Aécio Neves, le deuxième homme
Si les Brésiliens ont été des enthousiastes des premiers jours, la donne a cependant vite changé. « Au fil des débats et des attaques, elle a dû prendre position et a peu à peu perdu des pans entiers d’électeurs aux demandes desquels elle ne répondait pas », explique Alfredo Valladão, professeur à Sciences Po pour Libération.
« Il faut voir aussi qu’elle appartient à un petit parti, qu’elle n’avait pas de base politique et qu’on a mis en doute sa compétence pour gouverner », ajoute encore cet expert.
Face à elle, Aécio Neves a incarné le véritable « deuxième homme ». « Dans les débats et il s’en est plutôt bien sorti », analyse Alfredo Valladão. « Il a projeté l’image de celui qui veut changer, qui n’est pas velléitaire et a les moyens de ce qu’il avance ».
A-t-il ses chances au second tour ?
Il est désormais difficile de savoir quelles sont réellement les chances de ce candidat surprise au second tour du 26 octobre prochain.
Comme le rappelle Jean-Jacques Kourliandsky, chercheur à l’Institut des relations internationales et stratégiques, « l’enjeu principal de ces élections n’a pas porté sur l’éthique mais principalement sur l’économie, le social et (un peu moins) la sécurité ».
Or jusqu’au 26 octobre, les candidats partent avec les mêmes armes, dans la mesure où la candidate perdante à appeler son électorat à voter pour Aécio Neves.
Ne reste désormais qu’à convaincre les électeurs. « Pour la présidente sortante Dilma Roussef, cela passera par sa capacité à convaincre les classes moyennes qu’elle est capable de relancer la croissance. Aecio Neves devra, lui, rassurer les électeurs des classes populaires qu’en aucun cas il ne va remettre en question les acquis sociaux obtenus ces dernières années », estime Jean-Jacques Kourliandsky.
« Aécio Neves présente un programme précis pour sortir le Brésil de la crise dans laquelle il s’enfonce : récession, inflation, baisse des prix des matières premières, licenciements… », explique Alfredo Valladão pour Libération. « On peut penser que Neves a de l’espace pour gagner des voix auprès de ceux qui réclament un nouveau gouvernement, alors que les électeurs qui ont peur du changement ont déjà voté Rousseff au premier tour ».

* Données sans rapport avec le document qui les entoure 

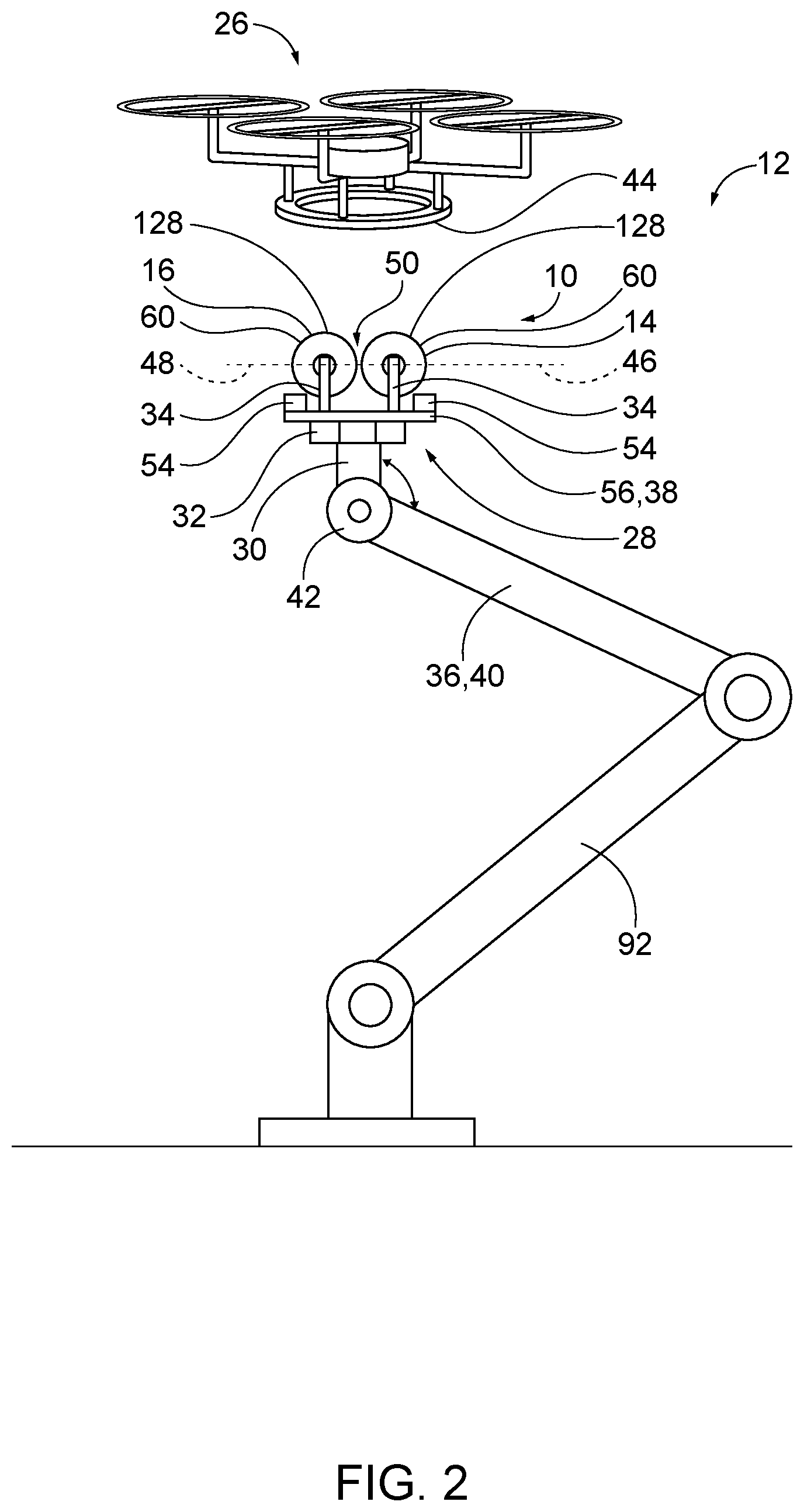 Patent US12508707 Figure 2 – Control devices for end effectors with multi-axis roller wheels, systems including the same, and related methods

Objectif : la reprise de la croissance
Alfredo Valladão prévient néanmoins, « la campagne d’entre-deux-tours s’annonce très dure, avec des programmes de télé menteurs et des accusations ad hominem. Ça peut être très sale ».
Ne reste désormais plus que quelques jours aux candidats pour faire leurs preuves dans ce scrutin à hauts risques et l’accent sera donné sur l’économie.
« Quel que soit le président élu à la suite du second tour, organisé le 26 octobre prochain, son défi essentiel sera de retrouver le chemin de la croissance », explique ainsi Jean-Jacques Kourliandsky.
« Un tel ralentissement de l’économie et de la croissance ne peut que générer de profondes insatisfactions sociales », ajoute-t-il. Or si les candidats, « tous deux économistes de formation », rappelle Jean-Jacques Kourliandsky, proposent deux programmes opposés pour relancer la croissance, « il est clair que le vainqueur aura une obligation de résultat, sous peine d’être sanctionné dans quatre ans par les Brésiliens en âge de voter », conclut-il.